Returning from 2016’s “Trolls” are Queen Poppy (Kendrick), and her best friends Branch (Timberlake) and Biggie (James Corden). They are pop music loving Trolls who pass the days singing, dancing and hugging until Poppy discovers that there are five other Troll tribes, divided by their musical taste. “The truth is we are not alone in this world,” says King Peppy (Walt Dohrn, who also directs). “There are other kinds of Trolls. They are not like us. They are different ways in you can’t even imagine. We love music with a hummable hook, a catchy rhythm, and an upbeat melody that makes you want to wiggle your butt. These others Trolls sing different. They dance different. Some of them can’t even grasp the concept of ‘Hammer Time.’”

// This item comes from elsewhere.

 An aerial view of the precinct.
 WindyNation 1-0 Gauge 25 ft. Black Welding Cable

The Queen and Company set off on a fact-finding mission to visit the other musical colonies. “I can’t stay home when I know there is a world of Trolls out there,” she says. On her journey she discovers sounds she doesn’t quite understand. “They must not know that music’s supposed to make you happy,” she says as a mournful (but not too mournful, this is a “Trolls” movie after all) country song fills the soundtrack. Later, after hearing classical music for the first time she wonders aloud, “Where’s the words?” But she also discovers a threat in the form of Metal Queen Barb (Rachel Bloom) who plans to use “the ultimate power chord” to assert rock’s place as the official music of all Trolls. “By the end of my world tour we’re all going to have the same vibe,” says Barb. “We’ll be one nation of trolls under rock!”

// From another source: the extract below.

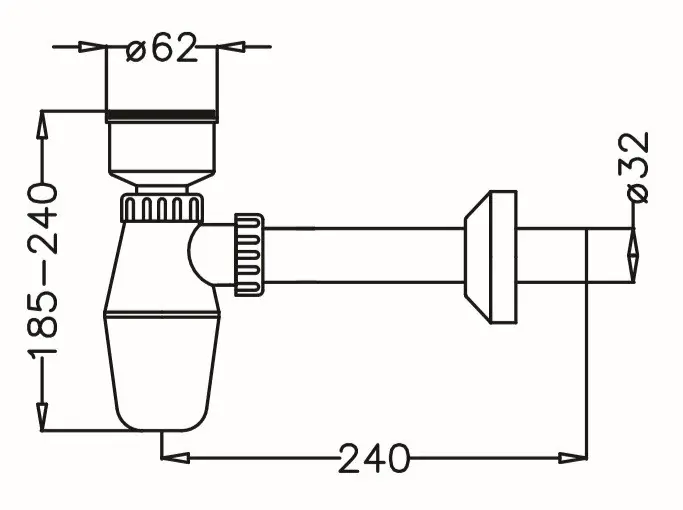 JAPAR - Taslı Pisuvar Sifonu Q32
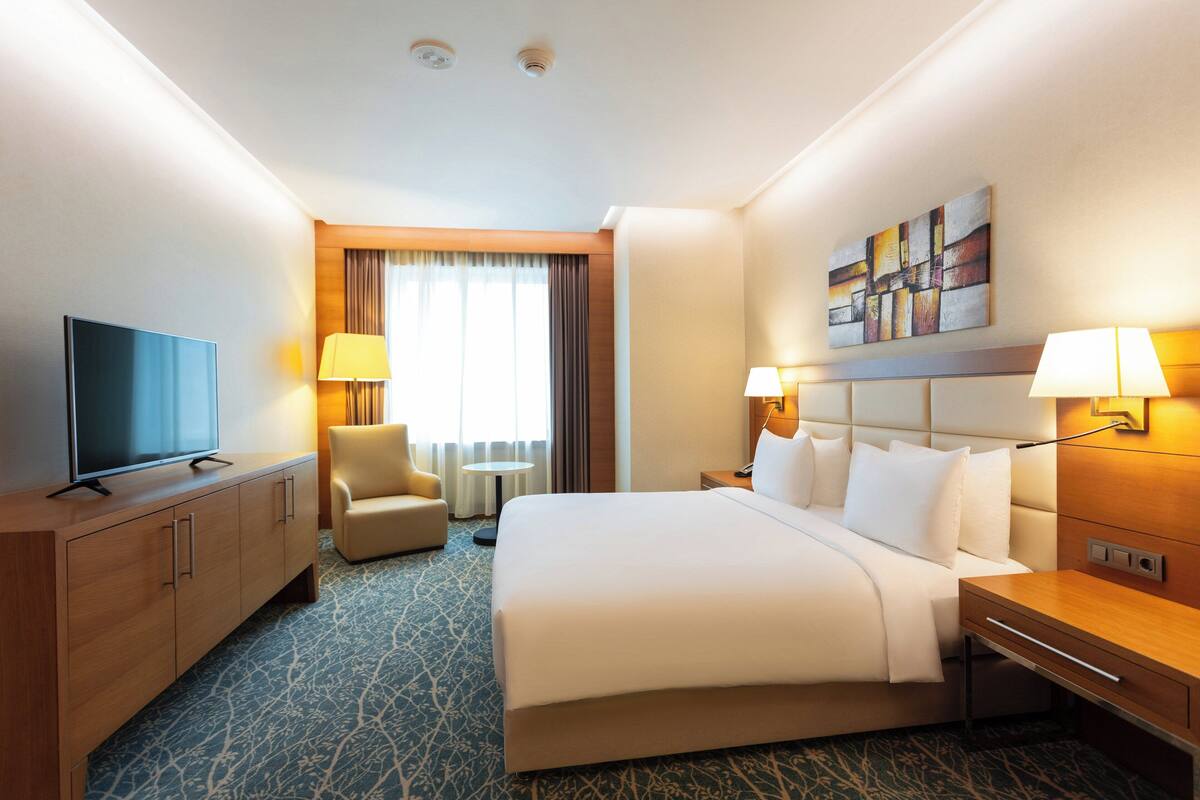 Una habitación de hotel con una cama grande, un televisor, un escritorio y una silla.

“Trolls World Tour” is an update of the “Free To Be… You and Me’s” salute to individuality, tolerance, and comfort with one’s identity. Bathed in bright colours, set to kid friendly adaptations of pop, rock, rap and country hits (like “Trolls Just Wanna Have Fun”) and populated by vinyl creatures with DayGlo “Eraserhead” coifs and big goofy smiles, it’s a jukebox movie about finding the things that bring us together, not divide us, while maintaining the things that make us unique. “Denying our differences is denying the truth of who we are,” says King Quincy (Parliament-Funkadelic’s George Clinton).
Good messages wrapped up in a glitzy, frenetic package is the stock in trade of kid’s entertainment and “Trolls World Tour” delivers in those regards. The colourful visuals, seemingly designed by a Troll on acid, will make kid’s eyeballs dance and the messages are delivered with the subtlety of a slap to the face, so check and check. What’s missing is the wonderful weirdness that made the original “Trolls” film the strangest children’s entertainment since “H.R. Pufnstuf.” Story wise, this one feels formulaic with less of an edge, but it does deliver a blast of energy that will keep its target audience—kids and stoned adults—happy.